Good Supplier Highly recommended.
0 of 1 found this helpful:
we monitor sea turtle nests here in Alabama. I want to see if I can bury it in the sand over the nest to hear when the eggs hatch and the hatchlings start to dig out. I assume it will need to be connected to an amplifier and loud speaker. Also D.C. power. If you have any suggestions, I would appreciate them. Thanks.
I used it in an arduino based sound level led project. I destroyed the first one when I used hot glue to mount it on the project. Glue covered up the hole and well ... that was it for that mems. I've had to get more creative in mounting it as it is small and does not have a mounting hole on the board.

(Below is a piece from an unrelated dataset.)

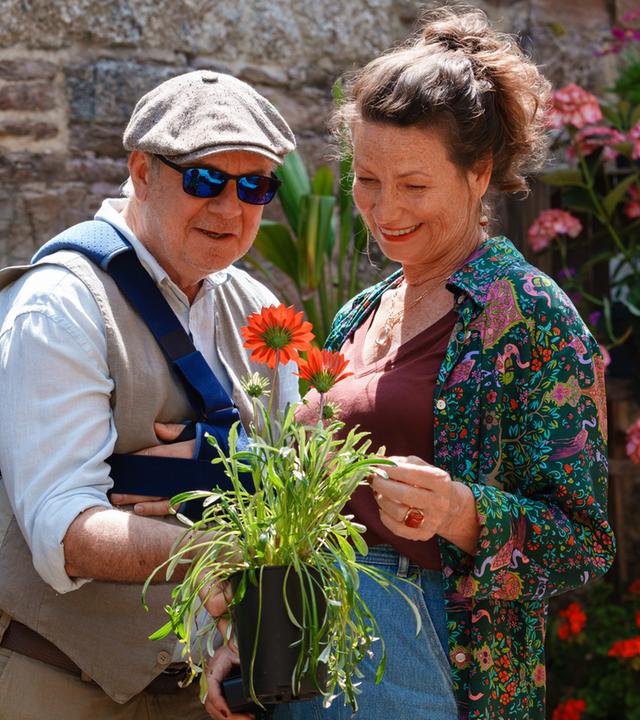 Dank dem Einsatz von Charlotte Mansfield (Sabine Vitua) kann Stephen Crayshaw (Joachim Król) die Welt wieder in all ihren Farben sehen.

It preforms extremely well and picks up the slightest sounds from across the room. Quit happy with the look and result.
Much better than the electret microphone. Easy to use and doesn't pick up too much noise.

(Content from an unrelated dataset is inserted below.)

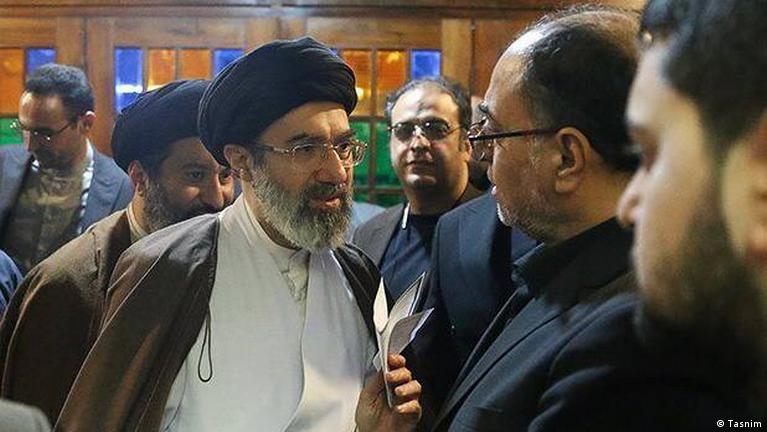 دژایەتیی موجتەبا خامنەیی لەگەڵ بردنه دەرەوەی ئۆرانیۆمی پیتێنراو لە ئێران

I like to create sound reactive displays by using this microphone along with the FastLED display library. Most recently, I've recently updated my sound sampling routines to include squelch control, auto-levelling of the input signal, automatic gain control and more. It works great. Have also used it with basic sampling as well as a couple of FFT libraries. Just a great little microphone. Here's just one of many videos I've published using this microphone:
Oh, and the code is all open source.
The response time to send this device was 2 days. The device itself is more suited for my purposes than an adafruit competitor because the d.c. analog output is amplified, and sits at the mid Vcc point. Also there is no d.c. drift after power on.
Works very well, much better than condenser mics.